Refinance Student Loans


Refinance Student Loans - On average, college graduates rack up nearly $23,000 in student loan debt. (This total doesn't include the debt incurred by the nearly 50% of students who start college and never earn a degree.)

While there are potential benefits to student loan consolidation, it's not always the best solution for everyone. Here are some factors to evaluate before you refinance student loans:

  • Are your loans federal? Federal student loans (aka Sallie Mae loans) are guaranteed by the government and have more favorable terms than private loans. Since the government sets the interest rate, it's typically lower than the APR offered by private loans. Types of federal student loans include Stafford, Perkins, Parent PLUS, and Graduate PLUS.

  • Do you have private loans? Private student loans, also known as personal student loans or alternative student loans, generally carry lower APRs than other lines of credit, like credit cards and personal loans. The interest paid on private student loans is typically higher than their federal counterparts.

  • Are your loans a combination of federal and private? Most students have a combination (and more than one) of each type of loan.
Aside from the efficiency of making a single payment each month, there is usually no monetary benefit to refinancing federal student loans. Chances are, it will be difficult to secure a new loan at a more competitive rate than what you're currently paying.

The most common way to refinance student loans is with a consolidation loan, a new loan that replaces several individual loans. In this scenario, the balances of your original loans are lumped together and funded at one fixed APR. While a single payment is more convenient than making multiple payments each month, a consolidation could wind up costing you more in the long run if you combine loans with lower APRs into a consolidation loan at a higher interest rate. Bottom line? Carefully evaluate the terms of your original loans, and never include a loan into a consolidation if it will increase the interest rate.

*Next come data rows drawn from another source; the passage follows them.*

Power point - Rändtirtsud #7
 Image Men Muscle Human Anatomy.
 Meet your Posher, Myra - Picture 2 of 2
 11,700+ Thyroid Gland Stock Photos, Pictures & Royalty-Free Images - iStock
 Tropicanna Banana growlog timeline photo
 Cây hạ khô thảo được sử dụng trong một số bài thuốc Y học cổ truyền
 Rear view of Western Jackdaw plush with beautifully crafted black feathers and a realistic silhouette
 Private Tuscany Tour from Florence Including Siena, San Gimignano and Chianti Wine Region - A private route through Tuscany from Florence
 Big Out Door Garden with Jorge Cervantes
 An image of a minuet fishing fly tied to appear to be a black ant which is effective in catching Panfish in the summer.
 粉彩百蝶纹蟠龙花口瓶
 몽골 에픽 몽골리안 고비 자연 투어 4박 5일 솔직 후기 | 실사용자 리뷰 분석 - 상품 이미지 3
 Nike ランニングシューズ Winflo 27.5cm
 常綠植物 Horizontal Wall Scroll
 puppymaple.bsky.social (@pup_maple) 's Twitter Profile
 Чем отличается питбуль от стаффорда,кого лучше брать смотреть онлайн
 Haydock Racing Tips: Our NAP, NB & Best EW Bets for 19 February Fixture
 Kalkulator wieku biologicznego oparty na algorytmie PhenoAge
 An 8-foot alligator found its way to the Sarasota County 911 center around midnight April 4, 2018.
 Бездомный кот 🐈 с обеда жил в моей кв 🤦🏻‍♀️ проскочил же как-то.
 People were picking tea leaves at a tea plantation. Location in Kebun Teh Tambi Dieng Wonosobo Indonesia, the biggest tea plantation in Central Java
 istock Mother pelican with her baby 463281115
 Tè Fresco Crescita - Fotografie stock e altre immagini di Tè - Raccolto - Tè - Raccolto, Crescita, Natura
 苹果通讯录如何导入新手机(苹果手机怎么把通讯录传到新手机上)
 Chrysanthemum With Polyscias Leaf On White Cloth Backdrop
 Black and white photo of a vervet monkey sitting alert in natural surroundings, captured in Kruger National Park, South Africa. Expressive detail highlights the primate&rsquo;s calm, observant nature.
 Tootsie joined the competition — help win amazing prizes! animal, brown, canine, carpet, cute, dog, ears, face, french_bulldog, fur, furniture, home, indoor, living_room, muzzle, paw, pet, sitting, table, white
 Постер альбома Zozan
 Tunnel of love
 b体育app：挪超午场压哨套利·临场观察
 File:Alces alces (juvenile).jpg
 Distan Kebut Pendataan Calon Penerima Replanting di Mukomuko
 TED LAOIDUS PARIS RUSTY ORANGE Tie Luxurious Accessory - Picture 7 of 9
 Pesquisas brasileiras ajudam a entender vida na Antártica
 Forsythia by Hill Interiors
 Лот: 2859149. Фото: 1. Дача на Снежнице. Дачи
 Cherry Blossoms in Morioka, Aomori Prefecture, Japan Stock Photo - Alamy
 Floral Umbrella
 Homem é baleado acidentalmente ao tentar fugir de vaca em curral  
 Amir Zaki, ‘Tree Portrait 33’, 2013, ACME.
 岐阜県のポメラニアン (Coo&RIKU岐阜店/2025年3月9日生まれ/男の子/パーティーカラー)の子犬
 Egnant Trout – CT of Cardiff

While almost all refinance student loan consolidation plans will lower your monthly payments, they'll also tack on several thousand dollars in interest by extending the term of the loan. For example, if you extend a 10-year loan to 20 years, you may lower your payment by a third, but you'll wind up paying nearly double the amount of interest over the life of the loan.

Just because you're no longer a student doesn't mean you're exempt from homework or research. Spend time learning about consolidation loans before you refinance your student loan to ensure that your decision is in your best financial interests.